DATA EXCERPT: Begin

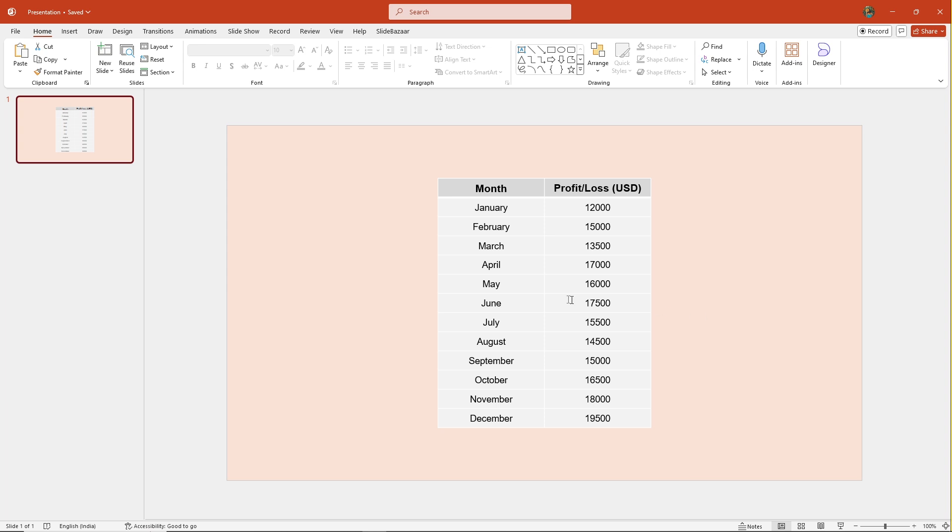Now, as you can see, there's a table on the slide and it needs an update. Instead of doing it manually, let's link it to Excel. That way, any changes in Excel will automatically appear in PowerPoint.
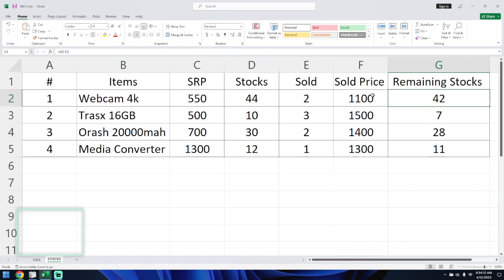So the sold stock, sold price, and remaining stock columns are all set. That's it for this video — I hope you learned something.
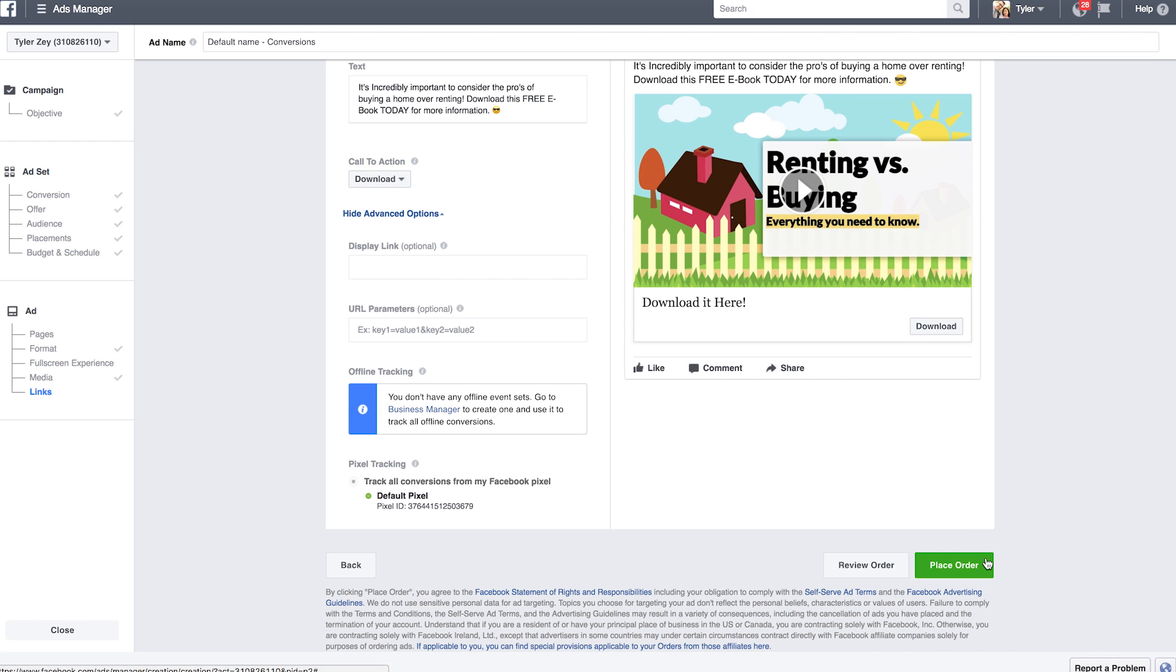Now we're good to go so in the bottom right hand corner just place your ad and you're done. As always guys thank you so much for watching our videos. If you want to support our channel click on the circular easy agent pro logo in the middle of your screen or if you want to watch more of our videos click on the video icon to the right. Thanks so much everybody and have a great day, bye!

DATA EXCERPT: End

> **ACTION ITEM**: Nothing but the lines from the top of the data above through the line containing "So the sold" should be output, exactly as written and without the pictures.

> **OUTPUT FOR THIS EXERCISE**:
Now, as you can see, there's a table on the slide and it needs an update. Instead of doing it manually, let's link it to Excel. That way, any changes in Excel will automatically appear in PowerPoint.
So the sold stock, sold price, and remaining stock columns are all set. That's it for this video — I hope you learned something.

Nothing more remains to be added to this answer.